2. "0" had medium errors and rapidly deteriorated until the drive was unusable.

3. AHA2940UW low-level verify on "0" reported errors. Replaced "0" with a new 
drive, ran a low-level format, then a verify and all OK, rebuilt system, all 
was OK.

4. 18Nov1997, "0" reported several medium errors again, 1 day later drive was 
saturated with medium errors.

5. Placed an active terminator on end of chain.

6. low-level verify on "0" reported errors, ran a low-level format, then a 
verify and all OK.

7. Made "1" the system disk, and "0" the data disk, swapped SCSI ids, swapped 
postion of drives in the bay such that it is as per the above diagram.
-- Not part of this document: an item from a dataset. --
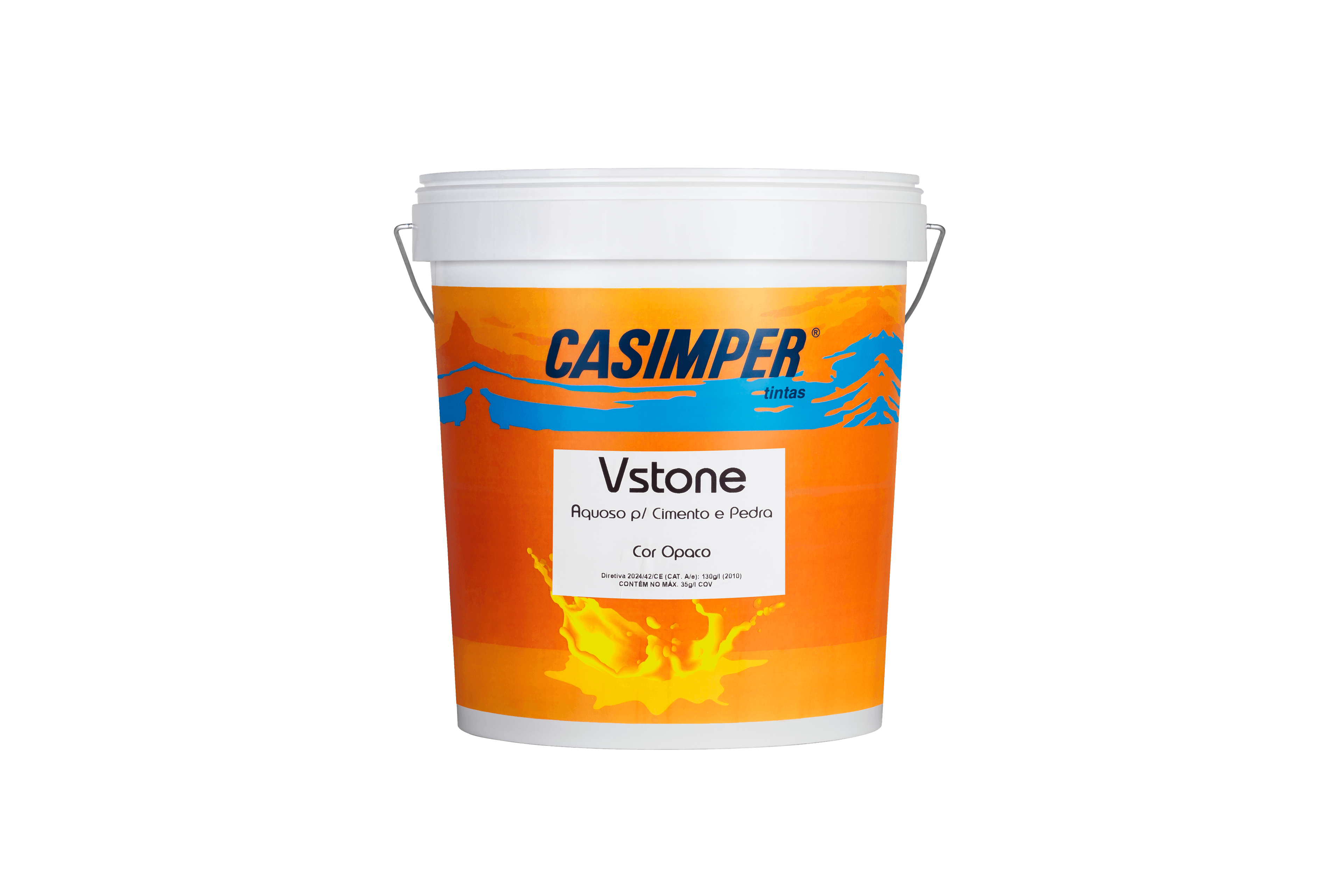 Vstone — Produtos Especiais e Diversos | Casimper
8. 21Jan1998, "0" fails again. Day 1 of failure several MEDIUM errors 
(info?:661041 asc:11,0 Unrecoverable read errors). Next day disk is saturated 
with these errors.

9. /sbin/scsiformat doesn't remove these errors, only a low-level scsi format.


There have been 2 disks which failed in a similar manner, with the second 
failing twice.


My questions are these:
1. This doesn't seem to be physical medium failure, I would have expected 
the errors to be hard-on. Hence is this where the soft sector format of the 
disk is being corrupted ?

2. If it is a format corruption, what is doing it ? I am correct in my 
assumption that its probably NOT the OS since "0" has been in 2 different 
positions and uses and "1" is running quite fine.

3. Just to "tick the box", should I upgrade to 2.2.5 (I believe thats the 
latest) ? Where would be the latest, safest most stable aic7xxx driver ?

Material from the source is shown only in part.